The long-term study presented at the Atlanta meeting involved up to 12 years of data on almost 7,000 people in the original cohort. It demonstrated a continuous time-bound waning of efficacy.

In addition to the increasing annual incidence of shingles, the study found an increasing incidence of PHN, from less than 1/1,000 person-years during the year of vaccination to about 1/1,000 person years by year 10. However, the incidence among placebo subjects and historical controls was more than 2/1,000 person years by that time. The shingles burden of illness (a measure of acute pain) also increased as time passed, Dr. Parrino noted.

Taking into account both clinical efficacy and cost, Ismael Ortega-Sanchez, Ph.D., a health economist with the CDC, concluded that the shingles vaccine is most effective when given to people in their 60s and 70s.

Vaccinating from age 50-59 years would prevent about 20,000 shingles cases annually. But vaccinating in the 60s would prevent 26,000 and, in the 70s, 21,000. The trend was similar for cases of PHN: prevention of 1,000 cases for vaccinating in the 50s, 4,000 for vaccinating in the 60s, and 8,000 for vaccinating in the 70s.

Other outcomes – emergency visits, ambulatory visits, hospitalizations, length of hospital stay, and prescriptions – also increased significantly over the 3 decades.

Savings tracked clinical outcomes in a value assessment model of 6 million people: 1 million vaccinated and unvaccinated in each of the three age cohorts.

Compared with not vaccinating, vaccinating those in their 50s would save $16.8 million annually. Vaccinating during the 60s would save about $24.3 million, and during the 70s, $31.9 million.

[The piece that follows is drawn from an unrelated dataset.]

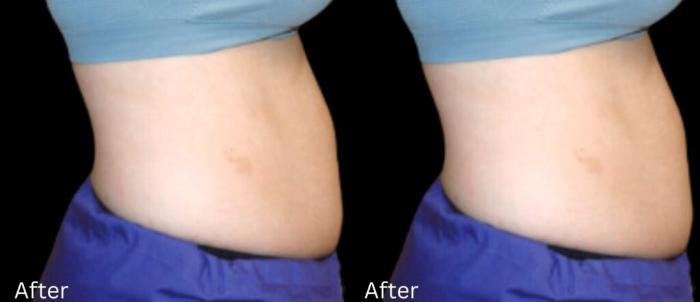 Before & After LipoCel Case 408 Right Side View in Santa Rosa, California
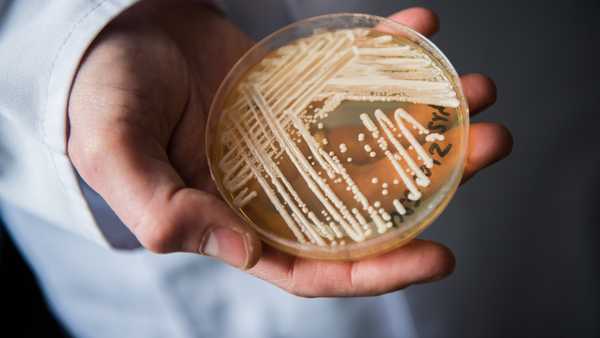 The director of the National Reference Centre for Invasive Fungus Infections, Oliver Kurzai, holding in his hands a petri dish holding the yeast candida auris in a laboratory of Wuerzburg University in Wuerzburg, Germany, 23 January 2018. There has been a recent rise of cases in Germany of seriously ill patients becoming infected with the dangerous yeast candida auris.  (Photo by Nicolas Armer/picture alliance via Getty Images)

And, because younger people are likely to have more systemic reactions, they cost more to vaccinate. A model that accounted for the cost of the vaccine, administration, and treating local and systemic reactions, put the total price tag at $193 million for those in their 50s, and $190 million for each of the two older groups.

Finally, the number needed to treat to prevent one case of shingles, PHN, or non-PHN complication case was higher in those in their 50s than in those in their 60s or 70s (one shingles case – 51, 38, and 47 respectively; one PHN case – 988, 247, and 124).

"This isn’t intended to tell people not to get the vaccine early, but to make them aware of the risks and benefits, given that the greatest risk of the disease is later in life," Dr. Duchin said. Since there are no data on booster shingles vaccines, he said "we only have one shot at this and we need to focus our efforts on those at the greatest risk."